I have been very much afraid that Dr. Harris would take refuge in the discussion of the subject of the will in which he distinguishes Herbart from others. The exclusion of the will is held as far as Herbart is concerned of moral education. Now I wish to say that Herbart has laid down more and better educational principles than any other philosopher.
The more difficult thing is not exactly the best thing for the child in the first and second grades. There was an old theory among the Latins that if the child could be made to go through the difficulties of a Latin speech, it would prepare him for the difficult things to follow. Now, we wish to have life and not dead formalism. I believe that a thoughtful study of this report will convince any one who is interested in children that it is formal, and is a production of this old idea, based upon language as the foundation of all education.
President W. H. Hervey, Teachers’ College, New York: I find myself drawn in two directions on this question. I fain would cleave to everything that has been said this morning as containing the truth. I believe that, so far as this report and these remarks confine themselves to educational principles, any one of us may agree most heartily. Only where they descend to particular applications are we at variance. We always are at variance when we descend from the clouds, but that is no objection to the clouds. Now, I take it there are arrayed before us the two opposing camps,—the Hegelian and the Herbartian. What does the Hegelian say? In order that you may know the world you must turn your back upon yourself and lose yourself; you lose your life that you may save it. Yon leave your home plate, go to the second base, then to the third base, and you make a home run. That is a true type of all development. What, on the other hand, is the standpoint of the Herbartian? What we know depends upon what we have known. And that is true. And what we can do, according to this philosophy, depends upon the interest, the kinetic energy. About this matter of will, we have the Calvinistic theology set over against the Unitarian. Hegel’s Lord was a man of war. Herbart brings us to view the New Jerusalem. He shows us the church, not militant, but triumphant. Herbart distinguishes the good from the evil and makes it impossible for a man to do a wrong deed or to think a wrong thought, and that, I take it, is even a higher attainment than the Hegelian philosophy has thought of. Any one who develops the will by the man-of-war idea will have a sorry will upon his hands. There is, with the young child, certainly, a synthesis, a correlation, a development of taste where the analysis is suppressed and unconscious; and yet, my friends, if you attempt to educate a boy in the upper grammar grades or the high school according to the same principles as the primary grades, you make a sorry muss of it. If we would pass from the state of the child to the state of the man, it is necessary for us to go through the dry bones of analysis.
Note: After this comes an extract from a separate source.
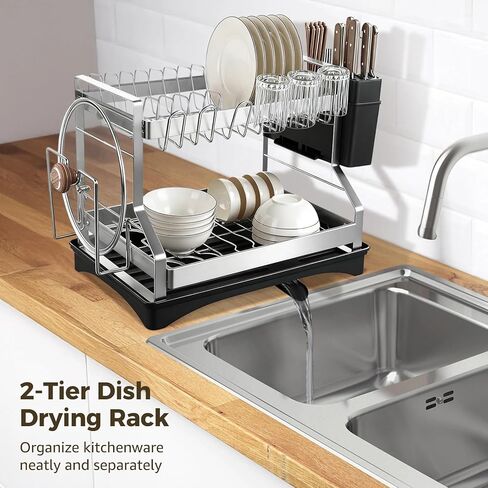 OMISTAR 2 Tier Dish Drying Rack, Large Dish Rack for Kitchen Counter, Stainless Steel Dish Rack with Drainboard and Utensil Holder, Cup Holder, Cutting Board Holder in Saudi Arabia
Dr. B. A. Hinsdale, University of Michigan, Ann Arbor: There are two things which I wish very briefly to touch. First, I do not understand Dr. Harris, in speaking of Herbart and the will, to leave the subject in the form in which Dr. McMurry understood that matter. I understand that Herbart does not base morals open the will, but rather upon the feeling and the desires. Now, whether the will or the desires furnish a proper basis is a question I do not wish to discuss. Certainly, when any one says that the Doctor declared that Herbart does not take the question of morals into account he makes a mistake. I understand him to say that Herbart does not place morals upon the proper foundation. In regard to courses of study, there is no such thing as considering this question apart from criteria. Now, what are our criteria to be? That I do not propose to discuss, but where are we to seek for our criteria? For myself, I have been in the habit of discussing that subject in this way. These are to be found, in the first place, in the constitution of the human soul, and second, in the facts that constitute the environment of men. I do not say which is below the other. I do say that a serious mistake will be made by that pedagogist who leaves out either of these or gives either a very inferior position. As to how either presupposes the other, that is a very important question, but I cannot discuss it at more length.
Now as to the process of isolation—the first process of knowledge is to isolate things. We have certainly been taught that the first process of the mind is not a synthetic, but an analytic process. Every person coming into this hall took a view of it as a whole, and then began to isolate this thing from that, and then this process, after a time, ceased. But that there is to be no synthesis is a proposition which I do not understand to be in this report.
When a child comes to school you may divide the subjects which occupy his attention into two groups. The first are the elementary school arts,—as the improving of speech, the studies of reading, writing, drawing, and numerical calculations, if he has never entered upon these. They are not studies, they are the arts of the elementary school. We teach them, not for their own sake, but that they may be used as instruments. [Time called by the chairman, and extended by vote of the house.]